Talvez o vegetal cultivado de ciclo mais longo seja
a pupunheira, que só ganha altura após ter sido a roça
abandonada e produz seus frutos por muitos anos. À medida
que novas roças se fazem necessárias, elas vão sendo
abertas em locais mais afastados da maloca. Mas não
é apenas a distância das roças que leva à construção
de outras: a deterioração das palhas da cobertura e
a impermeabilização do teto pela fuligem provocada pelos
fogos de cozinha, que impede a fumaça de sair, também
são outras razões, além da morte do dono da casa, pelo
menos no passado.
As caçadas, hoje feitas com armas de fogo, incidem
sobretudo sobre o macaco preto (Ateles sp.?)
e o barrigudo (Lagothrix sp.), as duas únicas
espécies de primatas que consideram comestíveis. Também
é freqüente o caititu (Tayassu tajacu), mais
raros a anta (Tapirus terrestris), o porco-queixada
(Tayassu pecari). No período menos chuvoso não
é difícil o caçador voltar com uma paca (Cuniculus
paca). Dentre as aves, são freqüentemente abatidos
o cujubim (Pipile sp.) e o mutum (Crax
sp.).
A pesca individual se faz com anzol, e a coletiva,
com ajuda de um entorpecente cultivado, cujas folhas
são pisadas com terra em buracos, de modo a se fazerem
pequenas bolas com a mistura, que são dissolvidas na
água.
A estação menos chuvosa, de maio a setembro,
sujeita a eventuais "friagens" (períodos de
cerca de três dias de queda acentuada de temperatura),
é o tempo de extrair o látex das seringueiras, tendo
cada homem adulto seu tapiri para defumar a borracha
e suas "estradas" (caminhos que, saindo do
tapiri e a ele retornando, ligam as seringueiras). A
estação chuvosa é o tempo de extrair madeira.

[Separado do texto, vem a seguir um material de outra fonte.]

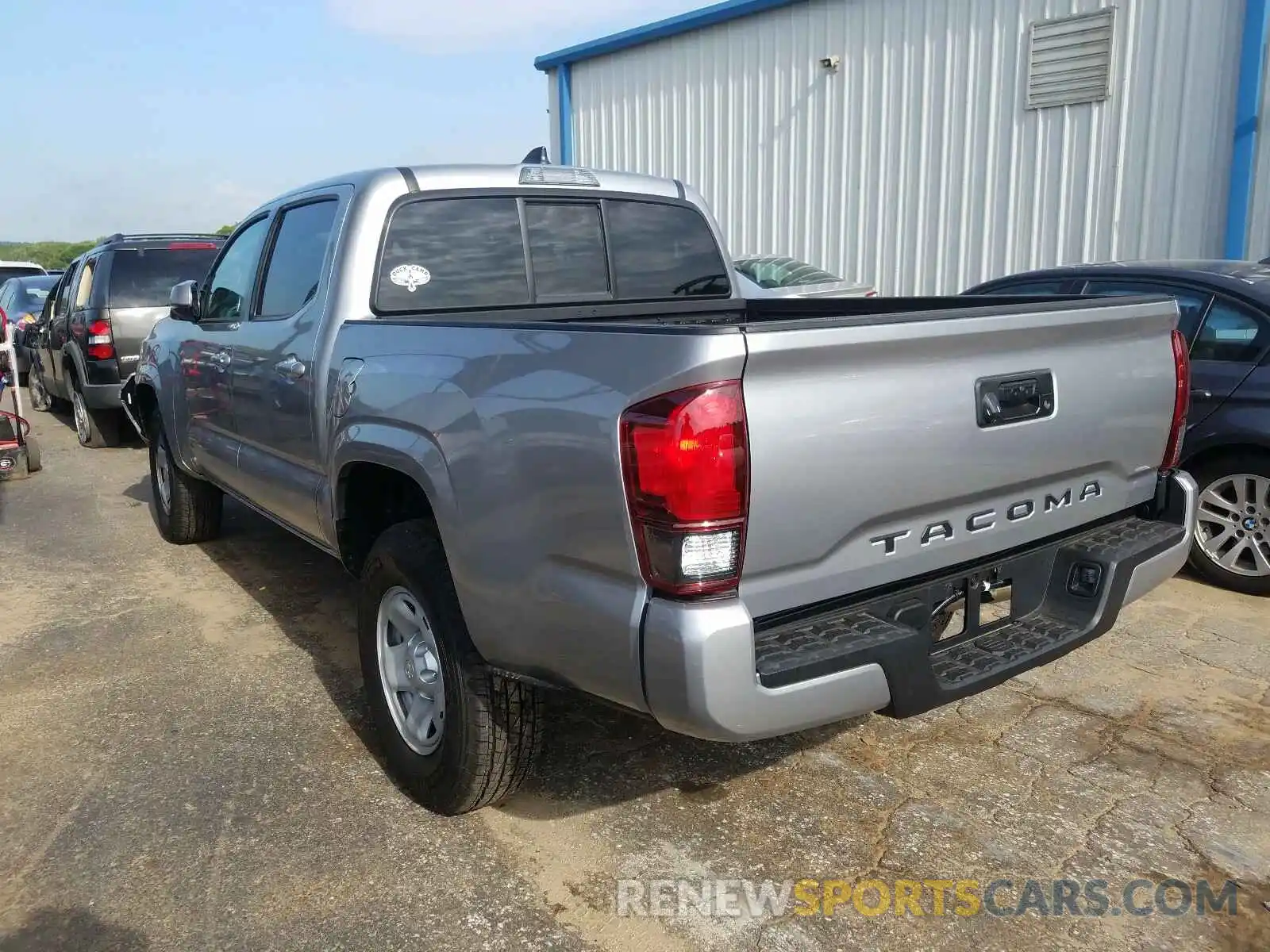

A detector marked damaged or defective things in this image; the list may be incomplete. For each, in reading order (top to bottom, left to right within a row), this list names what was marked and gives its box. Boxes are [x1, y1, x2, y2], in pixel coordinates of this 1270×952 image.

cracked pavement [0, 413, 1264, 946]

Esses
dois produtos florestais são negociados com os comerciantes
embarcados, os "regatões", que ora freqüentam
ora não as malocas marúbo, dependendo do rigor com que
a FUNAI proíbe seu acesso. Os missionários também mantêm
uma cantina em Vida Nova porém não compram borracha
nem madeira. Embora vendam seus artigos a preço de custo,
fazem-no a troco de dinheiro, o que os Marúbo só conseguem
com o trabalho para os próprios missionários, que não
têm muito a oferecer. Por isso, os Marúbo têm de recorrer
aos comerciantes embarcados ou procurar as cidades.